(Short web captions)
● ● ● ●
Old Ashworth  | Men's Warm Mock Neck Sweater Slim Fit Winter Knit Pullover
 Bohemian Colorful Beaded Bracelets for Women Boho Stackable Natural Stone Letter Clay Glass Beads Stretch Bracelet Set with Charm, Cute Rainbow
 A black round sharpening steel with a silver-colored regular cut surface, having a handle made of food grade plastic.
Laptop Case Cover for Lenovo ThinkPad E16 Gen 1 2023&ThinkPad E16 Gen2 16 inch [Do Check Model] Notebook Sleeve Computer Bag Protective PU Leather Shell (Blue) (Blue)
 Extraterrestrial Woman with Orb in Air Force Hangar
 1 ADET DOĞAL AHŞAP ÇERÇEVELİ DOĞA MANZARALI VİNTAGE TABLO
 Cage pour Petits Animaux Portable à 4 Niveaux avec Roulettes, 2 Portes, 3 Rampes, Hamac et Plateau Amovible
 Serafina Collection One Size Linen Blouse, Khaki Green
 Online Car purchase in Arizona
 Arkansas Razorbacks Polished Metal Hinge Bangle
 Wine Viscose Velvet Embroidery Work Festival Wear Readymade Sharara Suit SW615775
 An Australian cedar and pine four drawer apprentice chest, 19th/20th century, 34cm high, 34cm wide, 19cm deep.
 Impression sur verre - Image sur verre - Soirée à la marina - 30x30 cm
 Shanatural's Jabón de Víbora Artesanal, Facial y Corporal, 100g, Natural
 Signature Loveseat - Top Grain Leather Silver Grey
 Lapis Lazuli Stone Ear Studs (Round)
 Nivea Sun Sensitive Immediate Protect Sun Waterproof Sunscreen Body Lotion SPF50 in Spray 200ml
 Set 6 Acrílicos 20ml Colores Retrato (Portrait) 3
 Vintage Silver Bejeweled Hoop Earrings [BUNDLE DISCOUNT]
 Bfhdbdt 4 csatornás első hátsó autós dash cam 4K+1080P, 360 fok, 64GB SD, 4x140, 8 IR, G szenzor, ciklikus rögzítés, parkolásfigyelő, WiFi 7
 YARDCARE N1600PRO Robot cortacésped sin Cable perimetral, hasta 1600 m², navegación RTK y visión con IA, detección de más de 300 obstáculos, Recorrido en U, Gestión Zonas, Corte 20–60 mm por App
● ● ● ●
:: Goal of the exercise ::
Set down, exactly as they appear above, all lines from the one that has "Bohemian Colorful Beaded" down to the one that has "Laptop Case Cover", including those two and no others.

:: Answer for the task ::
 Bohemian Colorful Beaded Bracelets for Women Boho Stackable Natural Stone Letter Clay Glass Beads Stretch Bracelet Set with Charm, Cute Rainbow
 A black round sharpening steel with a silver-colored regular cut surface, having a handle made of food grade plastic.
Laptop Case Cover for Lenovo ThinkPad E16 Gen 1 2023&ThinkPad E16 Gen2 16 inch [Do Check Model] Notebook Sleeve Computer Bag Protective PU Leather Shell (Blue) (Blue)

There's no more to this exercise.